December 14, 2015
TSG IntelBrief: In the Wake of San Bernardino
Tashfeen Malik, one of the two people who killed 14 and wounded 22 during the December 2, 2015 terrorist attack in San Bernardino, California, reportedly had several online postings espousing pro-jihadist sentiments. These postings were reportedly made before she applied for and received a K-1 visa to enter the United States and marry Syed Farook, the other perpetrator of the attack. Some question why her social media accounts were not looked at for possible derogatory information. It might appear to be simple common sense to use social media and publicly available information to determine whether or not to approve a visa application. The reality, however, is far more complicated.
To begin with, even a cursory look at the social media accounts belonging to the millions of visa applicants would bring the entire system to a halt. The process is already understandably lengthy; a relatively static number of U.S. government personnel deal with a growing number of applications. It would not be difficult to ask for the information—visa applications are already intrusive—but accessing, reading, translating, and assessing specific social media postings is an enormous undertaking. It would require substantial increases in personnel and infrastructure, the cost of which could be offset by an increase in the application fee. Still, the slowdown of the process would be substantial, even as vetting becomes all the more important.
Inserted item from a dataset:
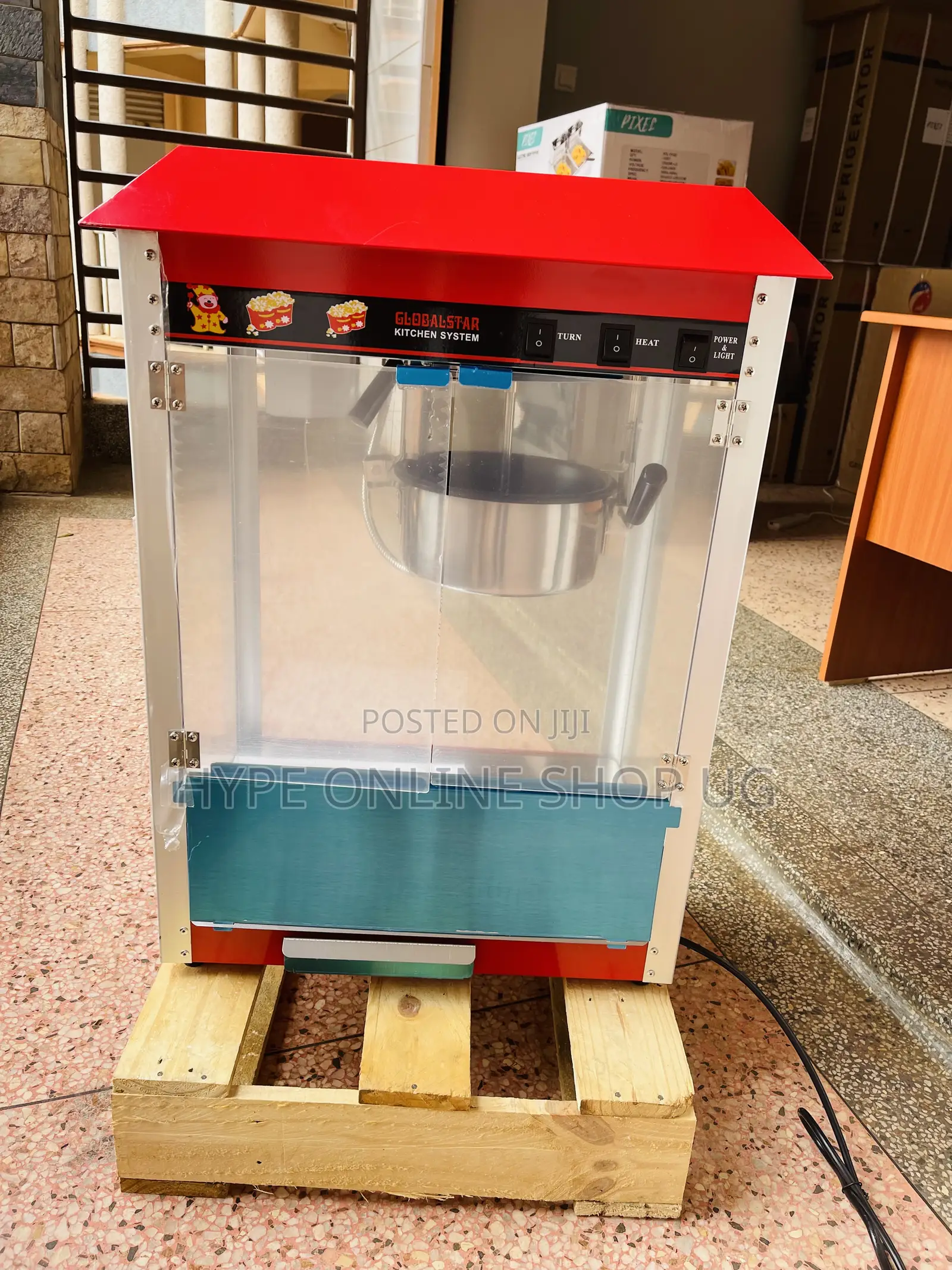 Class1,Fast Heating Commercial Popcorn Machine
Yet the issue is more complicated than simply hiring more people to read and analyze social media. Again, the role of hindsight in investigations is far too often overlooked, making what once appeared innocuous or meaningless suddenly appear significant or obvious. Some social media postings are obvious red flags: threats, openly supporting terrorist organizations, and promoting violent imagery. However, the social media accounts of academics or terrorism researchers would superficially meet some criteria at first glance; it takes more in-depth reading to determine the intention behind any given post. Properly assessing tone and sentiment of short tweets and postings is difficult. Understanding which posts are made in earnest is a task for which governments are poorly suited. Still, obvious threats could be detected, which is no small matter.
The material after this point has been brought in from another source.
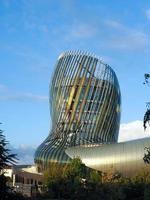 Bordeaux, France, 2016. View of La Cite du Vin Building in Bordeaux photo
There does not currently exist a workable system for accurately and efficiently incorporating social media accounts into the visa application review process, for the reasons listed above and many others. That said, as more people divulge so much of their personal lives on social media, governments will indeed have to construct and operate such a system. The ideology of hatred—be it of the so-called Islamic State or the Ku Klux Klan and other hate groups—exists across social media. How people interact with these messages on public forums is valuable information that should be incorporated into visa applications as it is in employment and college applications. Such a program would be problematic and cumbersome, and would be prone to error like any program. People applying could delete their accounts or sanitize them before submitting their applications; not all terrorists flout their intentions online. Still, given the widespread use of social media in both regular and extremist lives, it is worth considering how to incorporate it into the process.